Manet again caused public scandal with his Olympia (1863; Musee de Orsay) a candid presentation of a courtesan posing naked on her bed. The homage paid here to Titian's famous Venus of Urbino (c.1538; Uffizi Gallery, Florence) only aggravated the outcry created by the suggestive props accompanying the nudity and by the use of bright color-patches that are juxtaposed without any graded transitions of modeling.
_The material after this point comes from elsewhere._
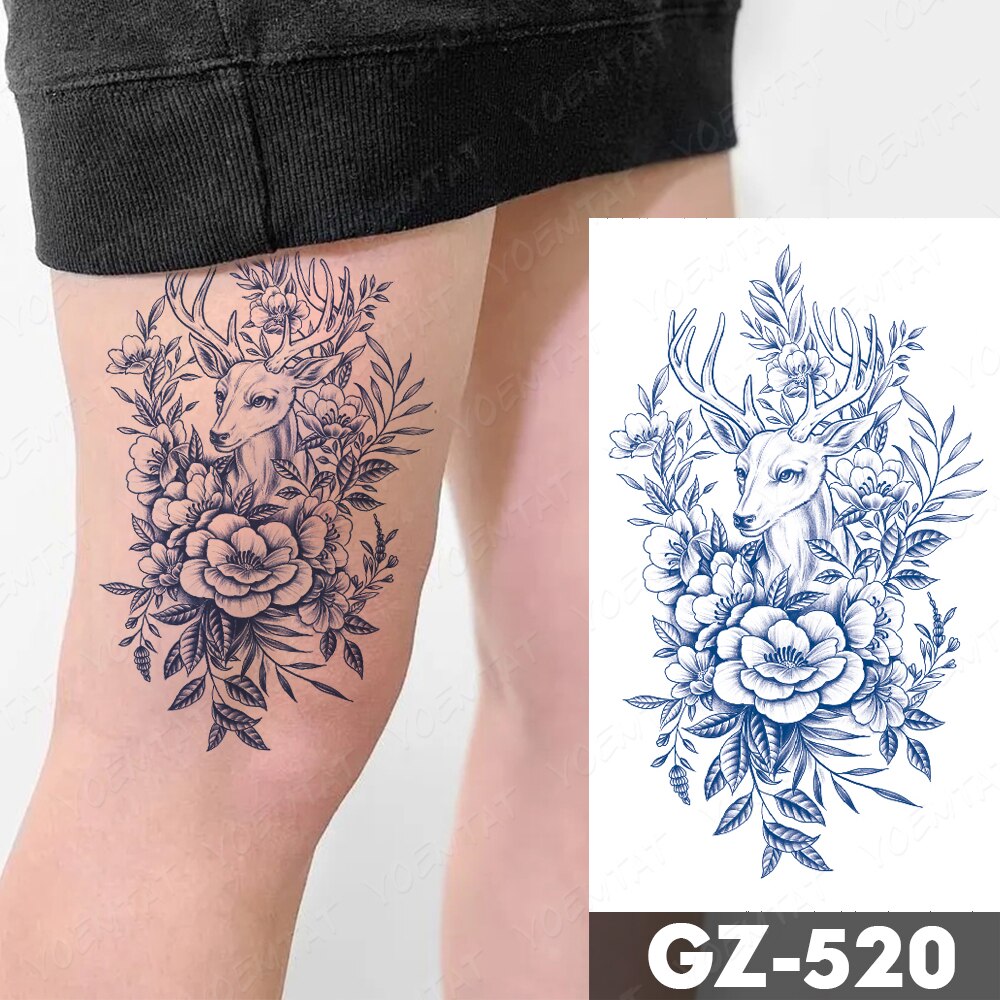 Semi-Permanent Waterproof Temporary Tattoo Sticker Pony Flower Rose Genipin Herbal Sunflower Juice Lasting Ink Fake Arm Tatoo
Manet's thoroughly unconventional treatment of traditional subjects represents a turning point in modern painting. Even more than the proponents of realism, led by Gustave Courbet, Manet devalued the importance of what was painted in favor of stressing the process by which a painting was created. His later works ranged in subject matter from beach and outdoor subjects to city scenes, all of which he rendered with increasingly free brushstrokes and bolder use of color and light. Although he maintained close contacts with the emerging impressionists, his predilection for strong black-and-white contrasts and his feeling for clear outlines kept him outside the mainstream of impressionism. The crowning masterpiece of his last years, A Bar at the Folies-Bergere (1881-82; Courtauld Institute Galleries, London), acknowledges the triumph of impressionism in its use of quick, vibrant strokes to enhance the fall of light onto textures and surfaces, but it also testifies to Manet's personal, inventive brilliance in the way in which different aspects of visual experience are combined in startling and illogical ways. By the time of his death, in 1883, Manet had passed from being the abomination and source of outrage of mid-19th-century French art to being recognized widely as a pioneer of the modern movement in painting.